Maximum likelihood tree of Pancrustacea based on concatenated amino acid alignments of 12 protein-coding genes (1899 amino acids). Limulus polyphemus and 2 myriapod species serve as outgroup members. Numbers above branches from top to bottom: Bayesian posterior probability (%), maximum parsimony bootstrap value (%, out of 100 trees), and minimum evolution bootstrap value (%, 100 trees).
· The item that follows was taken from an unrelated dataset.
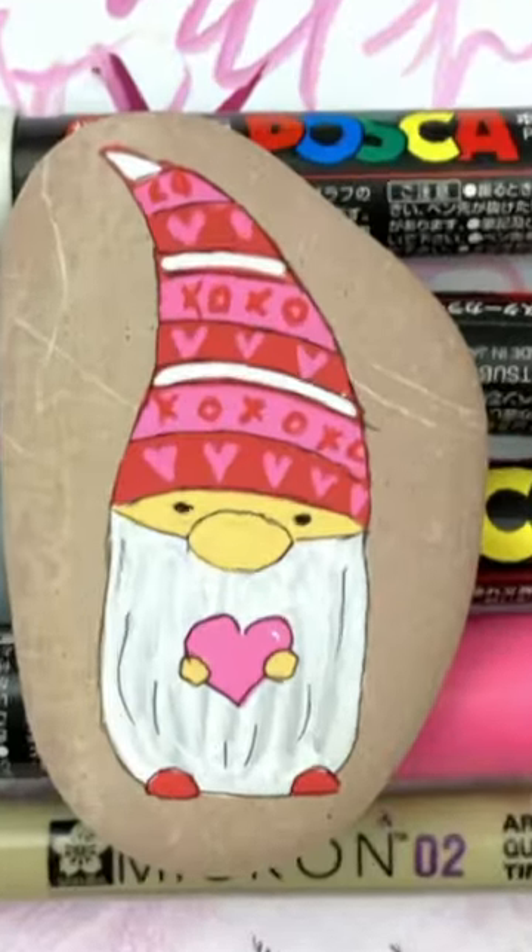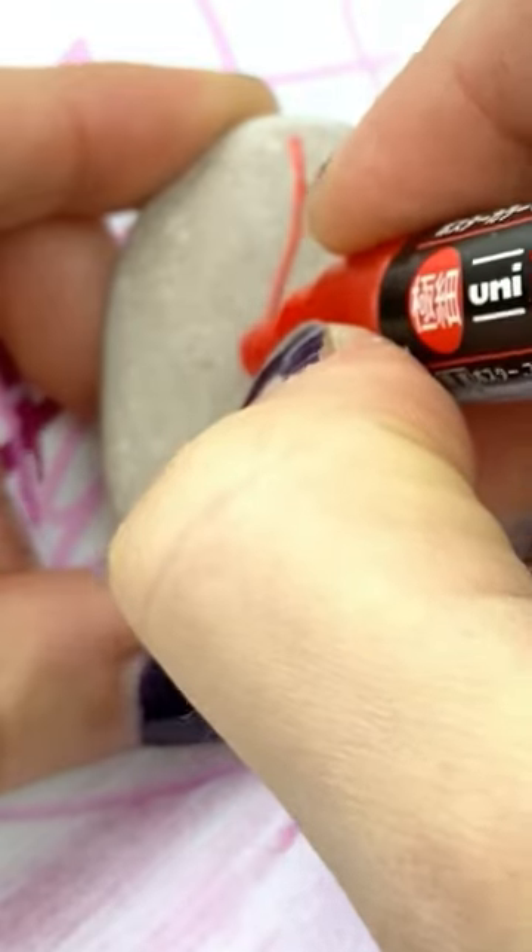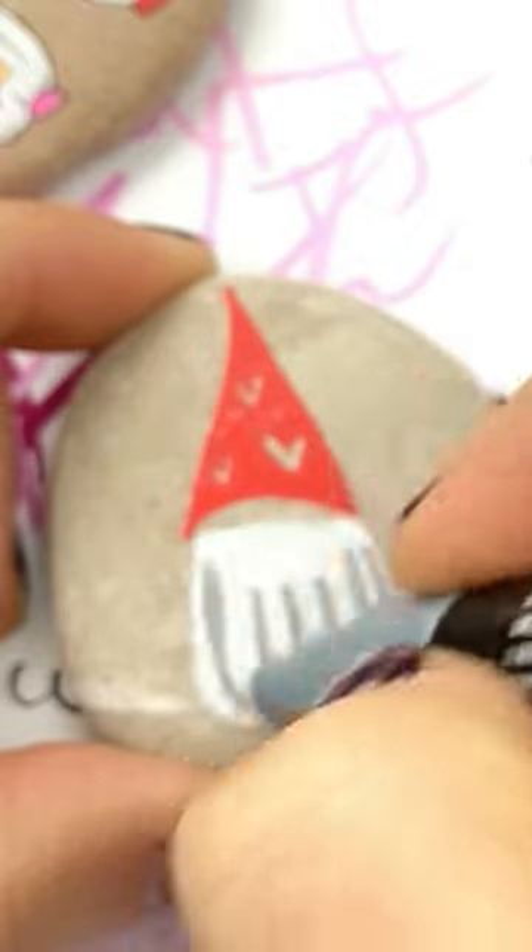These painted gnomes are ready for Valentine's Day. Are you? Just put down a beard. We're going to add a hat. When I fill this in, I'm going to leave some negative space for some hearts to add later.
Contrary to the analysis of Nardi et al. (2003), we found collembolans and insects combined in a monophyletic Hexapoda in the maximum likelihood tree, but with moderate support only in Bayesian inference (0.89). Hexapoda were not recovered in analyses in which alignments were only superficially cleaned from ambiguously aligned parts (data not shown), so this may be a crucial point in phylogenetic analyses based on mitogenomic amino acid alignments. Hexapods form a monophyletic clade with Malacostraca and Branchiopoda in the maximum likelihood tree, but again with only moderate support from Bayesian inference (0.88). None of the tested methods support a monophyletic Crustacea, and although our results are not highly significant, we believe that hexapods are derived from a crustacean ancestor as mentioned previously in other molecular studies of arthropod relations (e.g., Wilson et al., 2000; Hwang et al., 2001, Mallatt et al., 2004). The relations of Hexapoda to the crustacean subtaxa remains an open question. While mitogenomic data up to now have favored Malacostraca and analyses based on 18S rRNA have favored Branchiopoda as sistergroup to Hexapoda, we propose a third hypothesis for consideration: a combined taxon of Malacostraca and Branchiopoda as sistergroup to Hexapoda.